- PROBLEM DESCRIPTION
If an entry below holds a picture, leave the picture out and print the rest exactly.

- GIVEN DATA

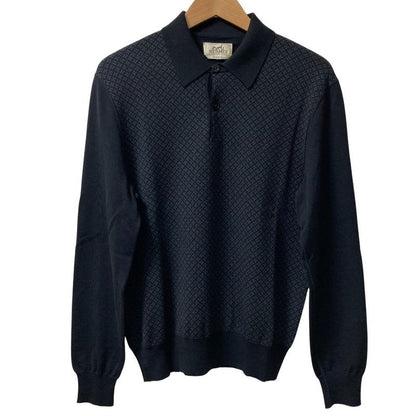 Hermes H Pattern Long Sleeve Knit Polo Shirt Size M Black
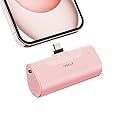 iWALK Mini Portable Charger 4500mAh,USB-C 20W Power Bank with Fast Charging,Compatible with iPhone 16 Pro Max/16 Pro/16/15,Samsung Galaxy S24 S23 Series,LG,HONOR,Xiaomi,iPad,AirPods and More,Pink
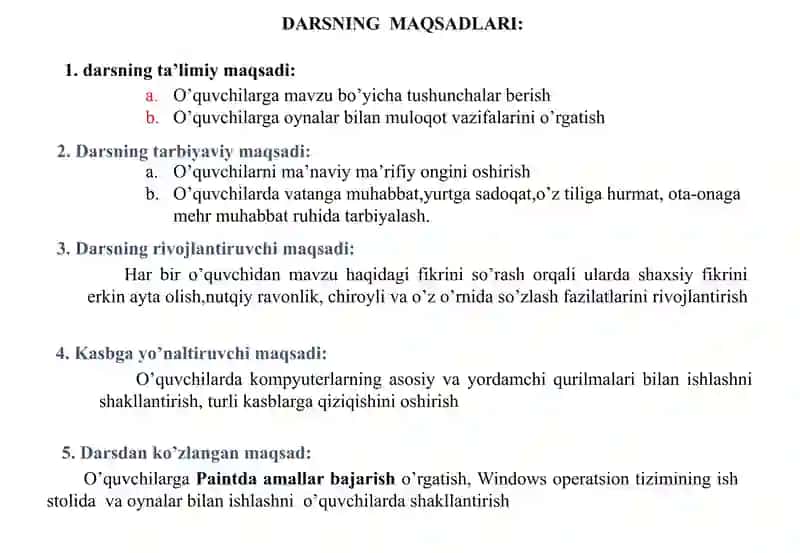 Grafik muharrirlarda so'hanib elgilash amallari mavzusidagi DARS ISHLANMASI 2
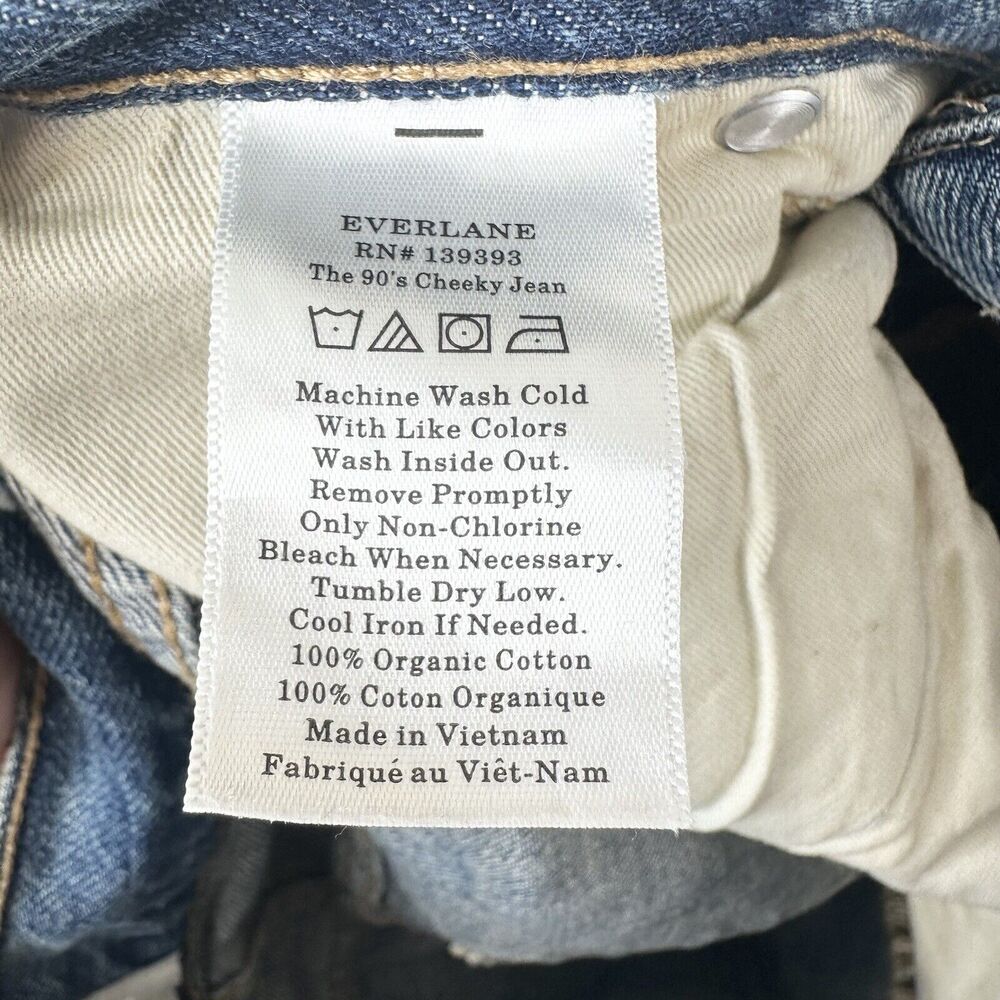 Everlane The 90s Cheeky Ankle Blue Jeans 25 Denim Button Fly Organic Cotton - Picture 8 of 10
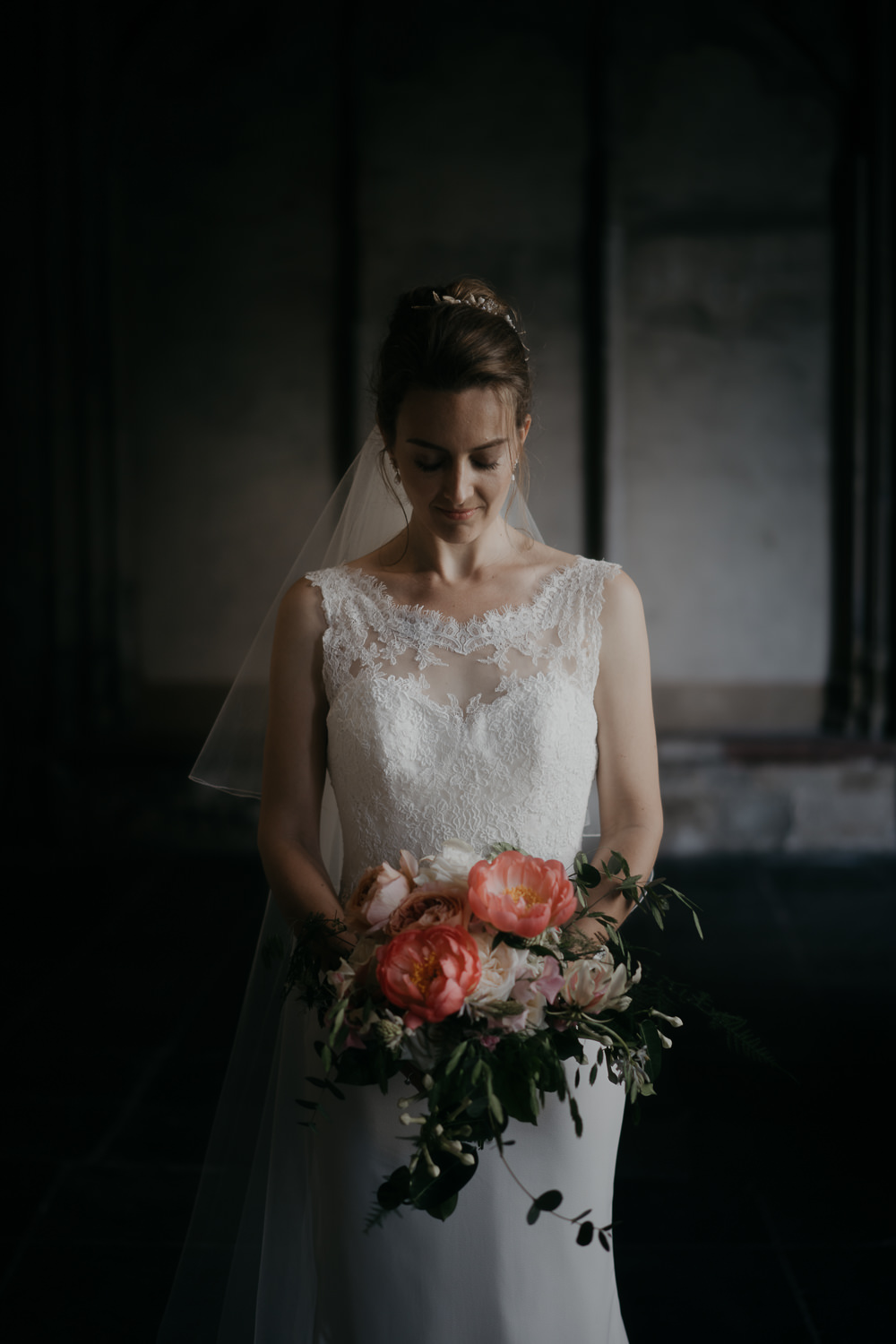 bridal portrait in the dom tower utrecht by mark hadden amsterdam wedding photographer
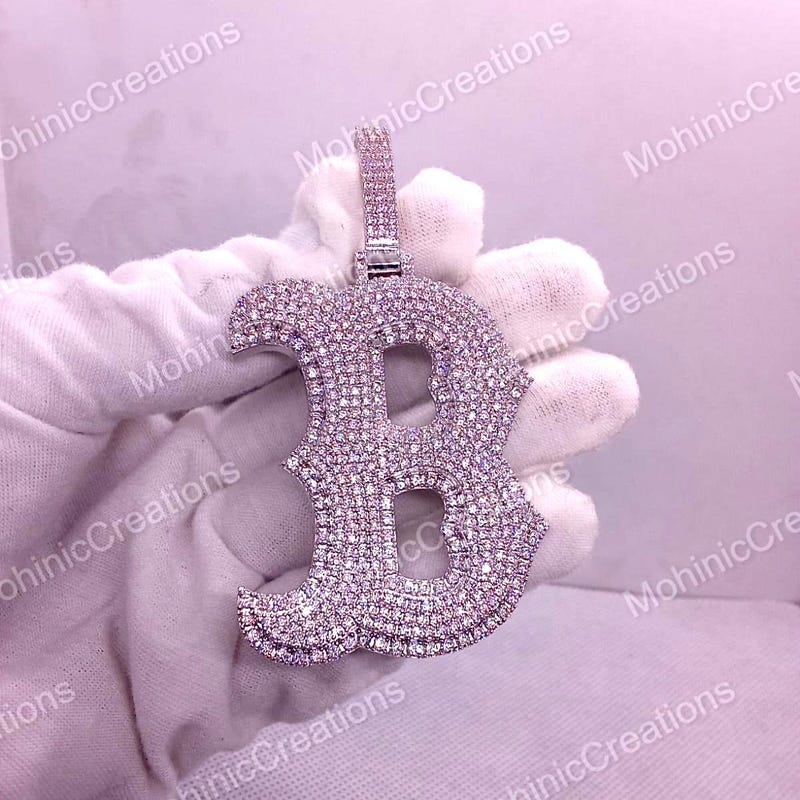 Letter B Moissanite Diamond Pendant, 14K White Gold Plated Sterling Silver Charm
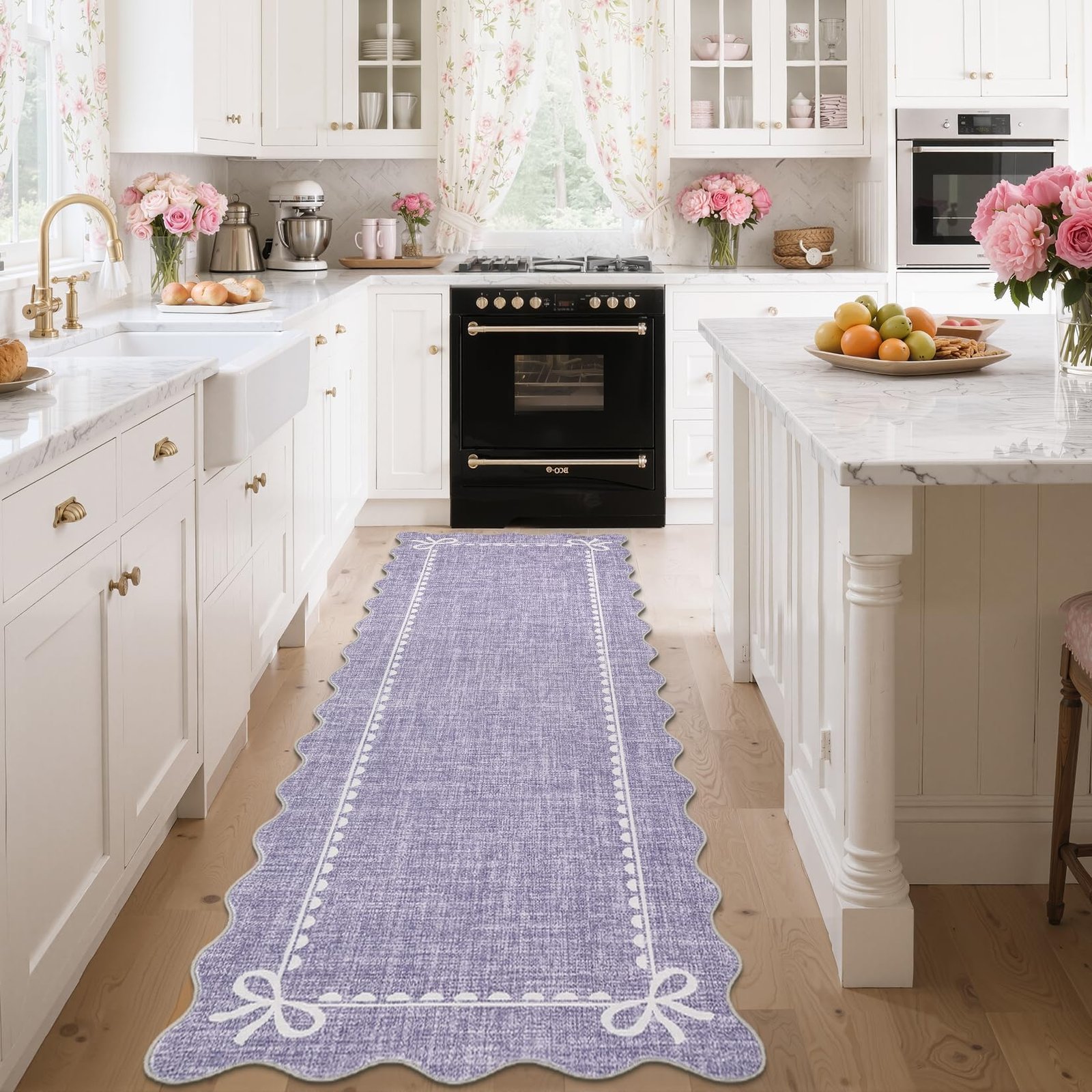 LocalStock Scalloped Bow Rug for Living Room, Solid Pink Rug for Dorm, Washable Rugs 5x7 Soft Low Pile Non Slip Scalloped Rugs for Nursery College Bedroom Decor Kids Room Playroom - Image 14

- EXERCISE SOLUTION
 Hermes H Pattern Long Sleeve Knit Polo Shirt Size M Black
 iWALK Mini Portable Charger 4500mAh,USB-C 20W Power Bank with Fast Charging,Compatible with iPhone 16 Pro Max/16 Pro/16/15,Samsung Galaxy S24 S23 Series,LG,HONOR,Xiaomi,iPad,AirPods and More,Pink
 Grafik muharrirlarda so'hanib elgilash amallari mavzusidagi DARS ISHLANMASI 2
 Everlane The 90s Cheeky Ankle Blue Jeans 25 Denim Button Fly Organic Cotton - Picture 8 of 10
 bridal portrait in the dom tower utrecht by mark hadden amsterdam wedding photographer
 Letter B Moissanite Diamond Pendant, 14K White Gold Plated Sterling Silver Charm
 LocalStock Scalloped Bow Rug for Living Room, Solid Pink Rug for Dorm, Washable Rugs 5x7 Soft Low Pile Non Slip Scalloped Rugs for Nursery College Bedroom Decor Kids Room Playroom - Image 14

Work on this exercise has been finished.